◆ **Requirement**
Take the records below and set down exactly the lines from the one with "this 576×768 image." to the one with "this 1280×720 image.", ends included; do not copy the pictures.

◆ **Entries shown**
- Opening Delimiter -
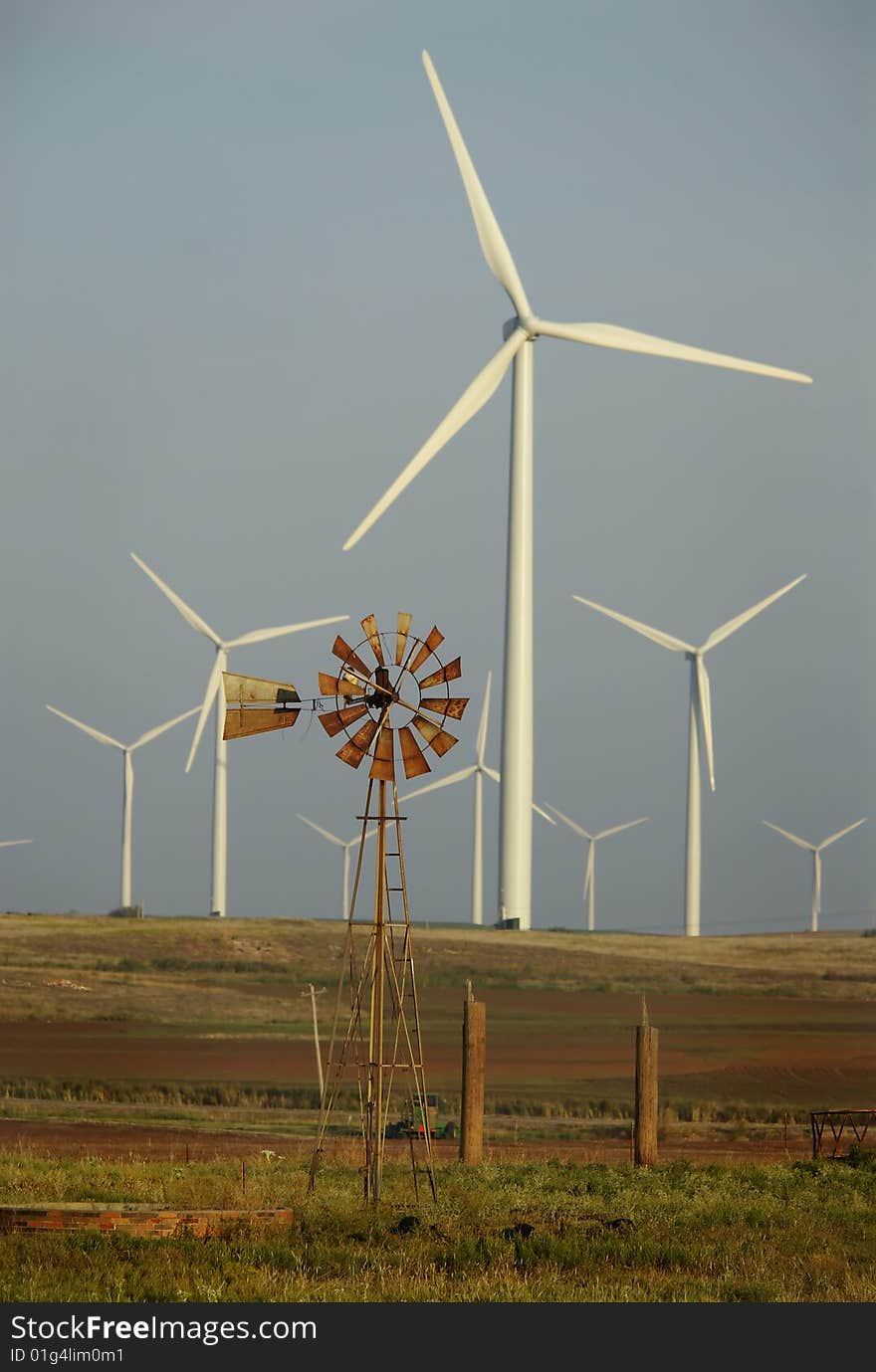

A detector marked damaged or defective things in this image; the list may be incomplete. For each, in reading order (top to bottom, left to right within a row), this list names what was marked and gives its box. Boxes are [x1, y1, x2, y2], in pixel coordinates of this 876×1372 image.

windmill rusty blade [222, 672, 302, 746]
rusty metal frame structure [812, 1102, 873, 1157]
- Closing Delimiter -
- Opening Delimiter -
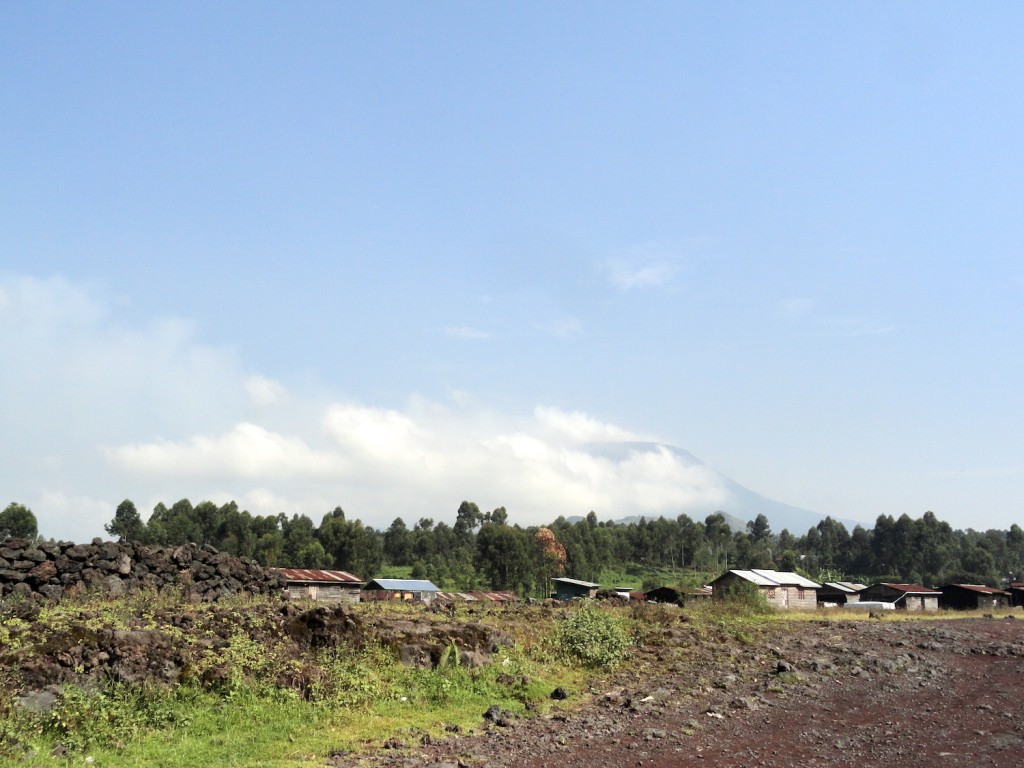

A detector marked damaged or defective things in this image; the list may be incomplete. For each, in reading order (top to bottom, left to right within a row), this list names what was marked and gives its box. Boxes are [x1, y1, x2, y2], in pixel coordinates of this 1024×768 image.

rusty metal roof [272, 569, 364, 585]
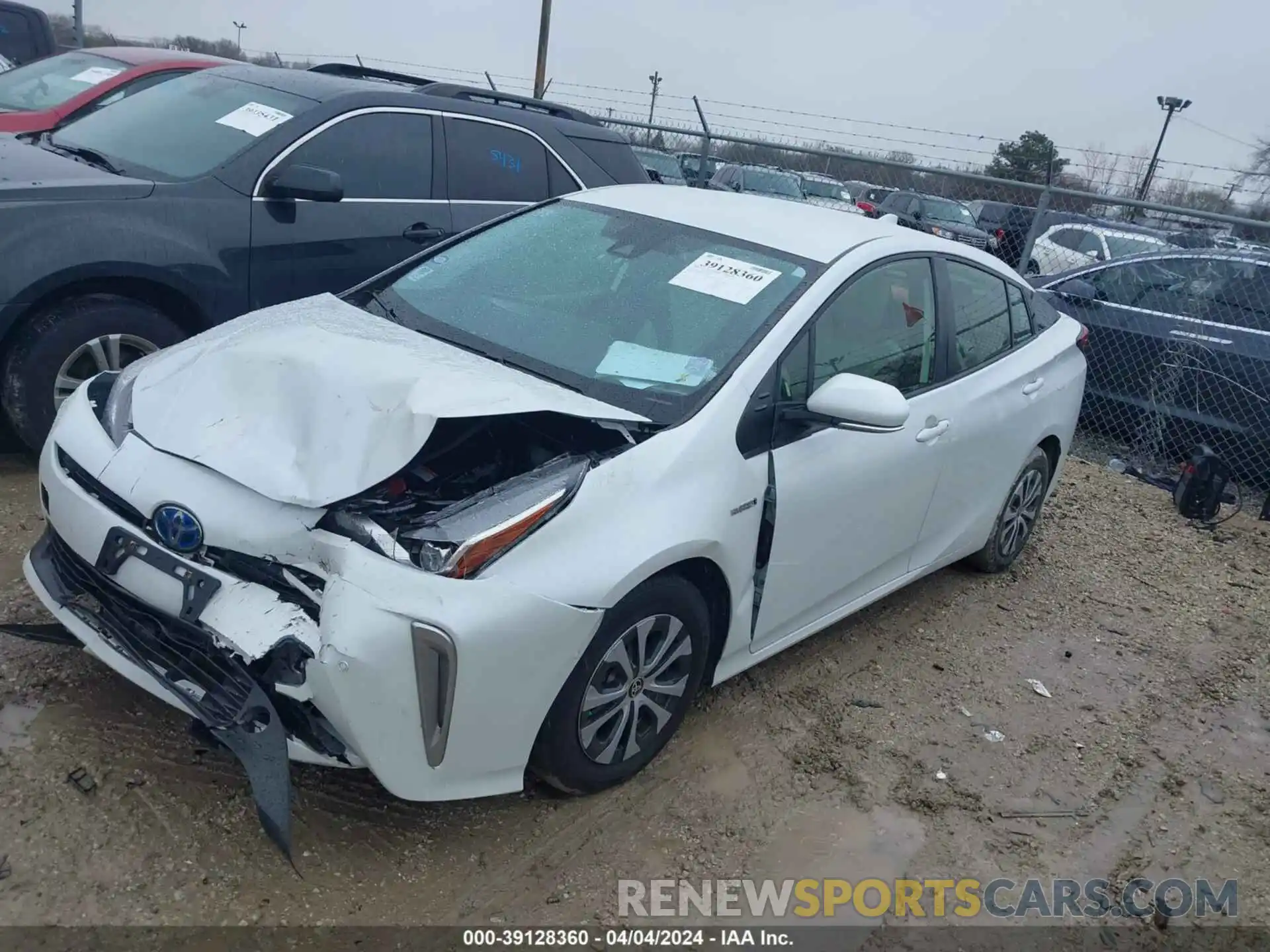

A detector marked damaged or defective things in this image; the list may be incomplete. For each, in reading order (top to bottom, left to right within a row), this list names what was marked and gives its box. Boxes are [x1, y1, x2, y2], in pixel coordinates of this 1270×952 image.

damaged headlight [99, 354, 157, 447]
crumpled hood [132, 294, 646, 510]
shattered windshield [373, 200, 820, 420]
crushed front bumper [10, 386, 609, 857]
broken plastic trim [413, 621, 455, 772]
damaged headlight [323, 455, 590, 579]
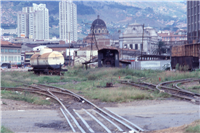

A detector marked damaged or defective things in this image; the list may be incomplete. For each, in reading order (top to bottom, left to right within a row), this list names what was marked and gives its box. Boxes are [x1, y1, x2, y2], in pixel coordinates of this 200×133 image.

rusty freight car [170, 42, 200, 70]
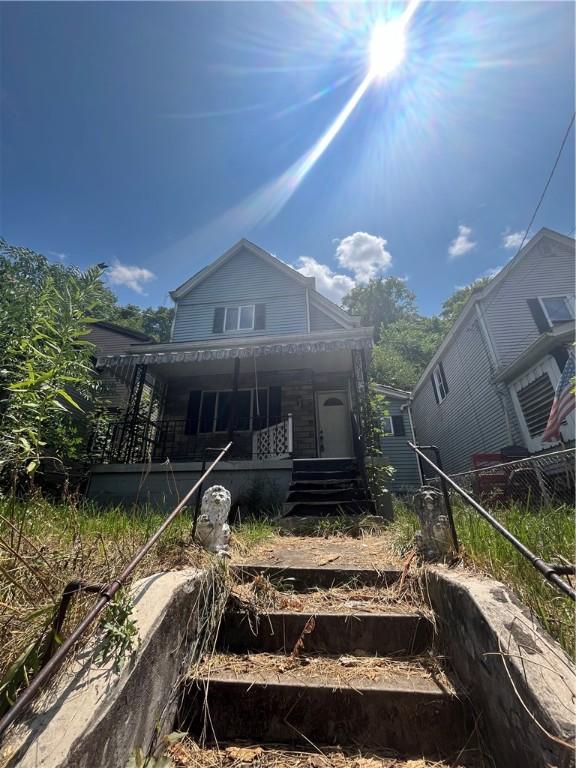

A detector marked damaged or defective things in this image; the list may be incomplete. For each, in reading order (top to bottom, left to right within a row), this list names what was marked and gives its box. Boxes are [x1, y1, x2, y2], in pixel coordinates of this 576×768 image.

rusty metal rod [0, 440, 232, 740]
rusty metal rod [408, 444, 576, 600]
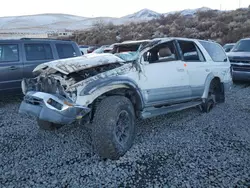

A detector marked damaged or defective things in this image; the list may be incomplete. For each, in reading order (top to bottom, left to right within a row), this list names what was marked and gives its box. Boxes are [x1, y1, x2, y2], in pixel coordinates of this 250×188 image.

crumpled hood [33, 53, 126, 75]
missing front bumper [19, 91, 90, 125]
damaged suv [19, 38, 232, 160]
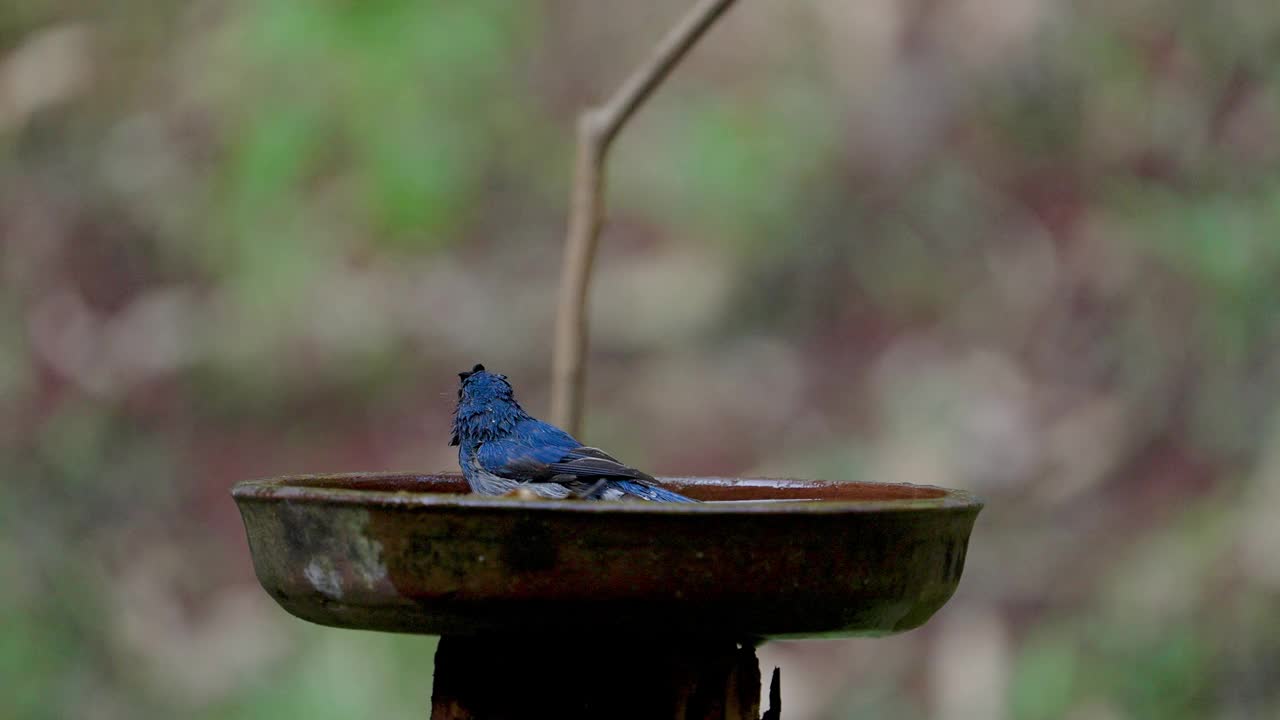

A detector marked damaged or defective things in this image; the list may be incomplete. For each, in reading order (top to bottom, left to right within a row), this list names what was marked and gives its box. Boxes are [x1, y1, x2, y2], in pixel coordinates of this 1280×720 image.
- Closing Delimiter -
- Opening Delimiter -
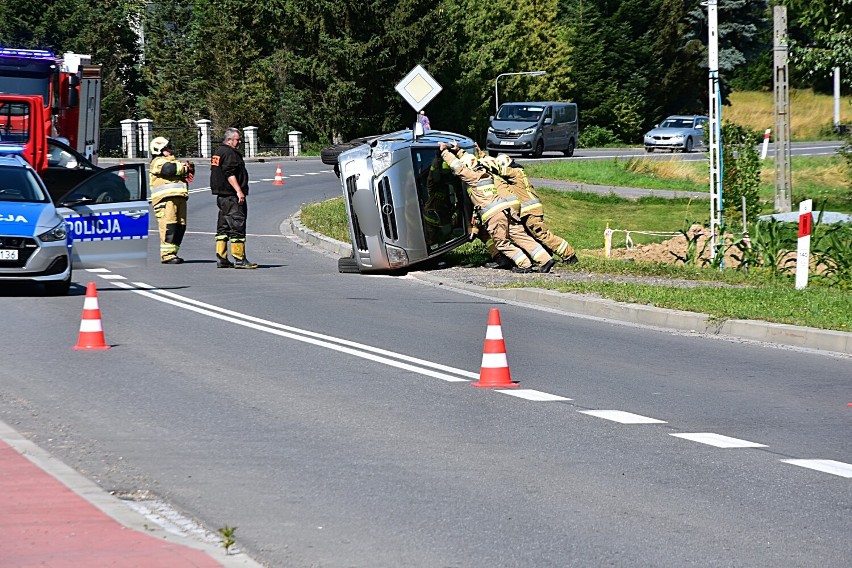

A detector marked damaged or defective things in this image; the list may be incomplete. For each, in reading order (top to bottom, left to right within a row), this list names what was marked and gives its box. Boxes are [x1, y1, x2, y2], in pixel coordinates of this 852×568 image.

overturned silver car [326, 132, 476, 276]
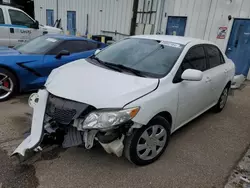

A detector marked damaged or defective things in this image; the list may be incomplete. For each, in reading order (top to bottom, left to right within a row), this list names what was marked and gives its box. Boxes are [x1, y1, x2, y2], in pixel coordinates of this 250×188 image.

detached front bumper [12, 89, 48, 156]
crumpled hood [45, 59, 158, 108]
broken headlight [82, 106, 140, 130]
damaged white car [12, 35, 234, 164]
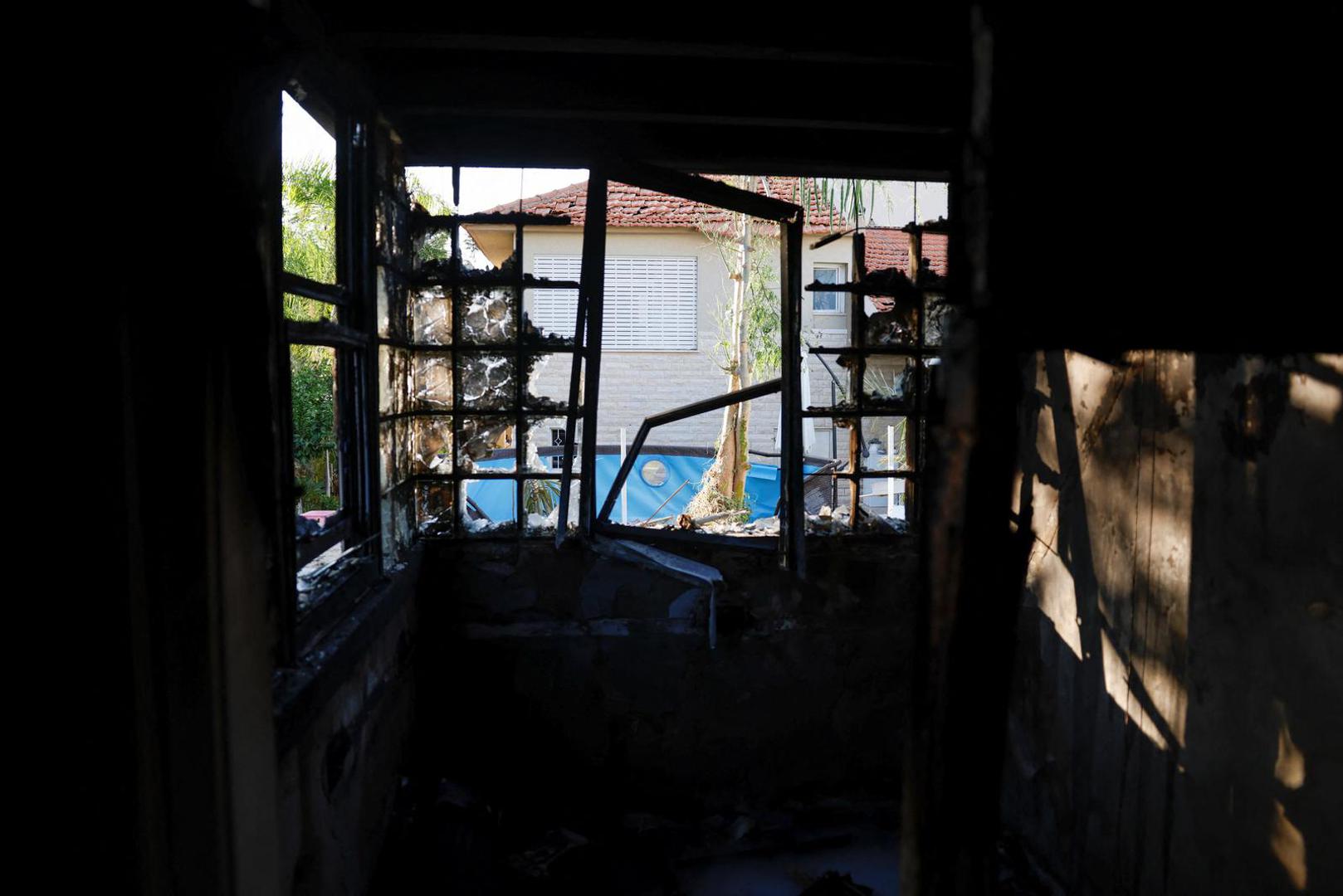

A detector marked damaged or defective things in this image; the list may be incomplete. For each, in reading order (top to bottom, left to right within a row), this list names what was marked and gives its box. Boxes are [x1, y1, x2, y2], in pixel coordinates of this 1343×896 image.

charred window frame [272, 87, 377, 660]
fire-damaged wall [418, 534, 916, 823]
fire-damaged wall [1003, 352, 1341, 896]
- Closing Delimiter -
◆ **Your response**
A detector marked damaged or defective things in this image; the list may be incomplete. For each, in reading order (top to bottom, left to right within a row), this list names what was marked and gives its box. Boxes are [x1, y1, x2, y2], in pixel coordinates of this 576×768 image.

rusty metal rod [0, 440, 232, 740]
rusty metal rod [408, 444, 576, 600]

A detector marked damaged or defective things in this image; the list may be incomplete. For each, in reading order (top to bottom, left to right within a row), this list names what was marked and gives its box. Boxes are [x1, y1, x2, y2], in pixel coordinates of this 250×188 image.

crumpled hood [33, 53, 126, 75]
missing front bumper [19, 91, 90, 125]
damaged suv [19, 38, 232, 160]

A detector marked damaged or defective things in this image; the list may be incomplete. For each, in reading order (top to bottom, left to right within a row), this list names what was marked and gives its box. Boxes are [x1, y1, x2, y2], in pixel coordinates of this 1280×720 image.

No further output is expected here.